Proof of Life
I find it offensive, though maybe understandable, that mega-movies like "Proof of Life" come to us only after they've been cleansed of anything resembling real life and real people. 'Proof of Life' gives us by-the-numbers characters in a by-the-numbers plot; in fact it's so plot-driven that the people in it barely get a chance to squeeze into the movie, and when they do they're fighting clichés from a Screenwriting 101 class.

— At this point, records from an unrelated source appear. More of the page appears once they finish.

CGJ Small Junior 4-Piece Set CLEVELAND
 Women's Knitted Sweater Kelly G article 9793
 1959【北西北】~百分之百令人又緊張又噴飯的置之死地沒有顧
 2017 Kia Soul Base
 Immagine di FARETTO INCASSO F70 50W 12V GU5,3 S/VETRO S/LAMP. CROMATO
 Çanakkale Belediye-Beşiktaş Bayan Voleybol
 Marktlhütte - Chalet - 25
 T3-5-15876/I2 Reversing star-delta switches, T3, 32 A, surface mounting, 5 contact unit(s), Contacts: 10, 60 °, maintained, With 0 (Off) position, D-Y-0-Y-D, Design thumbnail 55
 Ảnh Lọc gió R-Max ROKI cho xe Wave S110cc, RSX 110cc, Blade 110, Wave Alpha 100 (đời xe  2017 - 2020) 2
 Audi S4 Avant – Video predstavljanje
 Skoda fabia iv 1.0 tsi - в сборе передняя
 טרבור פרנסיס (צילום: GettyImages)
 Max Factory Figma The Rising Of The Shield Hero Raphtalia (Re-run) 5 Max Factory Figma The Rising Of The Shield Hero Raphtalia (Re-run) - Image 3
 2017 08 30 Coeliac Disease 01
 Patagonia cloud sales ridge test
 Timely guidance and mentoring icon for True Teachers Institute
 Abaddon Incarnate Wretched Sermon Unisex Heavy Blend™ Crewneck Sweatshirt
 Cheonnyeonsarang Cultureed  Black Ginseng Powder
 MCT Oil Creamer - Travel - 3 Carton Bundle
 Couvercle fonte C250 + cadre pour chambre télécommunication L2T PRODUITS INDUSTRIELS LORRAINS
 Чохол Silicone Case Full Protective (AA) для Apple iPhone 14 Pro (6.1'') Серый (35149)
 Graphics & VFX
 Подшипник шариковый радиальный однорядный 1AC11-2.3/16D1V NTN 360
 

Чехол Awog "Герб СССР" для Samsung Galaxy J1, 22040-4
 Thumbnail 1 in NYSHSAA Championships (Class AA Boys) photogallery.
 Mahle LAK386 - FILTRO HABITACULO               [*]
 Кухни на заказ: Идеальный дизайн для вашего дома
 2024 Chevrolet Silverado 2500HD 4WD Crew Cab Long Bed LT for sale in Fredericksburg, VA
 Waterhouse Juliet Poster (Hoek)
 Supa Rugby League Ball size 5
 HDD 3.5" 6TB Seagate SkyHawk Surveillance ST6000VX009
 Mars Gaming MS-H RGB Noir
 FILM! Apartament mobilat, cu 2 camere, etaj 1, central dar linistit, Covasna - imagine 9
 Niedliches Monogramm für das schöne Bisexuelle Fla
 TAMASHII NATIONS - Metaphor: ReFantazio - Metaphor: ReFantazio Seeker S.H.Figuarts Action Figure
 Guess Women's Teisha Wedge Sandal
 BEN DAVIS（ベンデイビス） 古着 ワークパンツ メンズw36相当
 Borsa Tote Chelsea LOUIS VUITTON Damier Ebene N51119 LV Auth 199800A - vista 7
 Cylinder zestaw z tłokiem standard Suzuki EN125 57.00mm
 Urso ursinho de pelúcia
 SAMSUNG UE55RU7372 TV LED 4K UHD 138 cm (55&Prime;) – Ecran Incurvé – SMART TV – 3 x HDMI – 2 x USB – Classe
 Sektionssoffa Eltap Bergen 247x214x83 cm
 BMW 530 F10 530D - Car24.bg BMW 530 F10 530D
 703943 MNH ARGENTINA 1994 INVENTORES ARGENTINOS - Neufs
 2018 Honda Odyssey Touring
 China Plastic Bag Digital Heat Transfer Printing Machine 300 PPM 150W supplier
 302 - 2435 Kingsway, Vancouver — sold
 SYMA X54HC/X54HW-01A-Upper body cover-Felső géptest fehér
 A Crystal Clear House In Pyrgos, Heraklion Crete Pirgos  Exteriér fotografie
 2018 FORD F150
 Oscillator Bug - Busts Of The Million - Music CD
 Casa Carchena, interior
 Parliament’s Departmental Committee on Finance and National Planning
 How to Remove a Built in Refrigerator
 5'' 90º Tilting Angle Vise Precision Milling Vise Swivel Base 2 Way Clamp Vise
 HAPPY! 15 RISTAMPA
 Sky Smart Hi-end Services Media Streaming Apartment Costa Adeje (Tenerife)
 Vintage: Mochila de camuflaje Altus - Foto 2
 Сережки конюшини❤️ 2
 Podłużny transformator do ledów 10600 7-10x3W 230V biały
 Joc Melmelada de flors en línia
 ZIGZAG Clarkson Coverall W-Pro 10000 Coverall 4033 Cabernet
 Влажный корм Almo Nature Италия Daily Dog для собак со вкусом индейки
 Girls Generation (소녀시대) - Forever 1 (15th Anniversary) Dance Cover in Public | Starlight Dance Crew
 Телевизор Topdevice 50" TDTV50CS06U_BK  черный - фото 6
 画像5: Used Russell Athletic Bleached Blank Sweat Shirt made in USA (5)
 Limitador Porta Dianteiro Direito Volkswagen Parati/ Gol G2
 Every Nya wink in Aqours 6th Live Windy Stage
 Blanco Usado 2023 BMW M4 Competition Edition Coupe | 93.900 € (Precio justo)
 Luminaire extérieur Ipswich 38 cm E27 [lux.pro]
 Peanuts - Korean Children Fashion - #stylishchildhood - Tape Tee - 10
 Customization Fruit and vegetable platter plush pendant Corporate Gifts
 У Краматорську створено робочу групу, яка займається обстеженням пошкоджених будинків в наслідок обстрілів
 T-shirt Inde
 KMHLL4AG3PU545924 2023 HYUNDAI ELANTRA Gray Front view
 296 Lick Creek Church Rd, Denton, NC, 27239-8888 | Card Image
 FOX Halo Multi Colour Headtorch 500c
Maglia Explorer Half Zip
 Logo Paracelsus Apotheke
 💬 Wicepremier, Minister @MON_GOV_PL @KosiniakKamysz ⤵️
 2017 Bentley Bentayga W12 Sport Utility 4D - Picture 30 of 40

Here's the setup: American couple Peter and Alice Bowman -- David Morse and Meg Ryan -- are in the fictional South American country of Tecala -- a thinly disguised Ecuador -- where he's an engineer building a great dam for the people. Little does he know that his American oil company is using him and his project as a sop to environmentalists, while they -- you should probably say THEY -- just want oil and are building a pipeline that's going to destroy the native tribes' land. I should point out that Meg Ryan knows all this, so why Morse doesn't is something of a mystery, except that he's pretty clueless about a lot of things, including his wife.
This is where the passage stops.